Solr Recovery

At Honeybadger this morning we had a failure of our SolrCloud cluster (of three servers). Each of the three servers has a replica of the eight shards of our notices collection. Theoretically this means that two of the three servers can go away and we can still serve search traffic. Sadly, reality doesn’t always match the theory.

What happened to us this morning is that some of the shards became leaderless when one of the servers ran out of disk space and started throwing errors. In other words, we kept seeing this error in the logs: No registered leader was found. As a result, the two remaining servers refused to update the index, which brought a halt to search-related operations. Since I’m relatively new to Solr, I had to bang my head against the wall for a bit before I stumbled upon the solution.

Simply bringing down one of the two remaining good servers didn’t solve the problem. The last remaining server refused to become the leader for four of the shards. To fix this, I had to unload each of the stubborn shards and load them again. This was accomplished easily enough via the admin UI, and, once completed, our search functionality was restored.

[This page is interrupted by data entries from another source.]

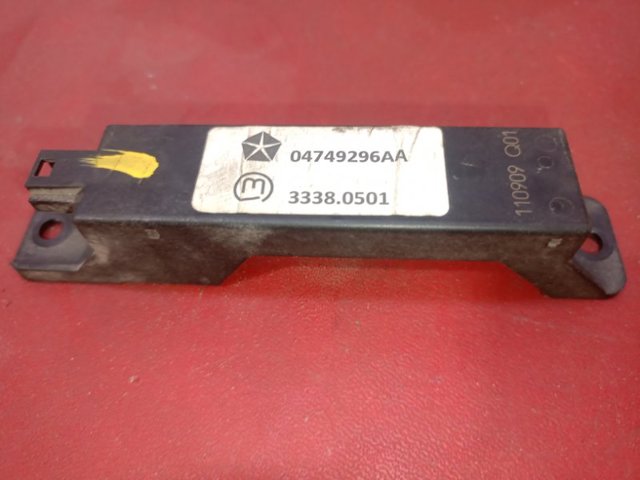 Антена замку двері 04749296AA CHRYSLER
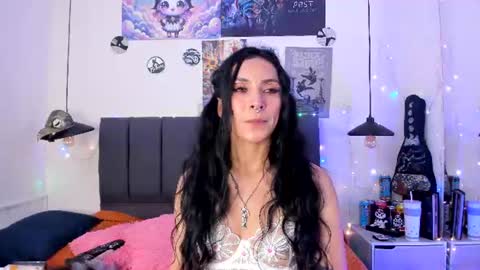 Raia online show from June 10, 3:17 am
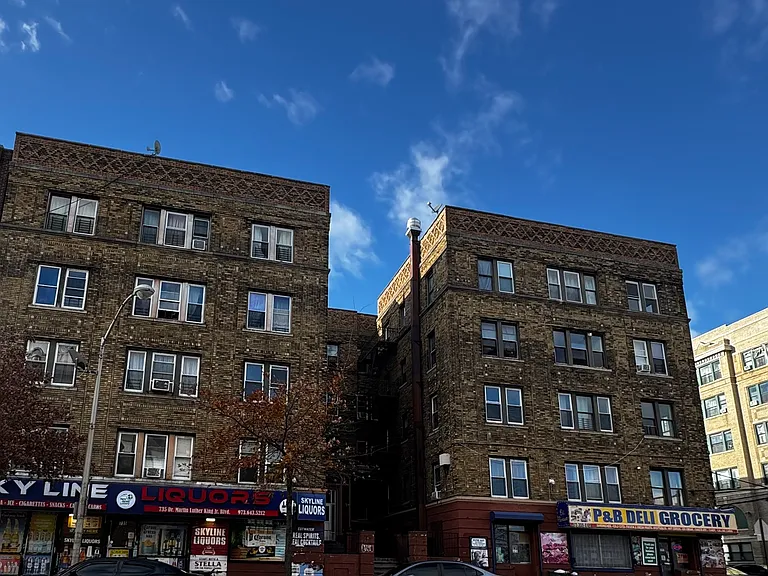 729 Martin Luther King Blvd #22A — Photo 1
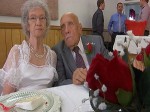 Chú rể 95 tuổi trúng sét ái tình với cô dâu 81 tuổi
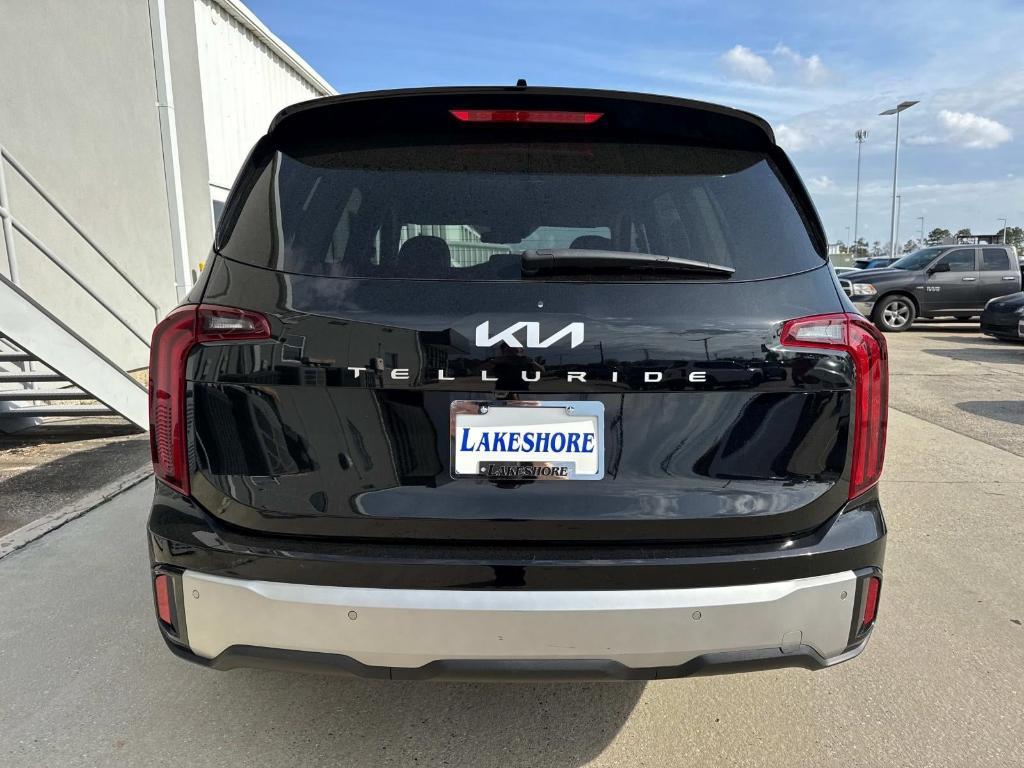 used 2024 Kia Telluride car, priced at $33,402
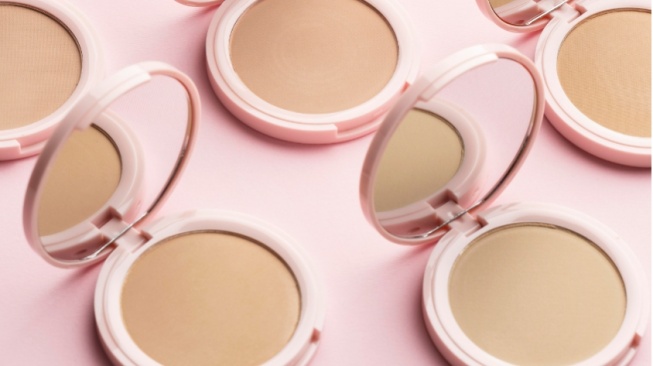 Two Way Cake dan Bedak Padat Apakah Sama? Ini 5 Rekomendasi Produk Terbaik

Once that was done I brought the other good server back up, and it quickly caught up the one server that was now the leader for all the shards. Easy-peasy. Sadly, bringing the last of the servers up – the culprit with the full disk – took a bit more work. Since its data directory was about twice the size of the directory on the other two servers, despite all three supposedly having the same documents, I decided to just blow away all the data on the third server and replace it with a copy of the snapshots from the leader. The process was basically this:

  1. Take a fresh snapshot of each shard from the leader
  2. Copy the eight snapshots from the leader to the damaged server
  3. Move the index data in place, renaming the shards
  4. Unload and load the cores on the damaged server

Here’s a ruby script for step 1 and a shell script for the other steps.

With that, the damaged server quickly got each of the shards back in sync (since I had just taken snapshots on the leader), and everything was back to normal.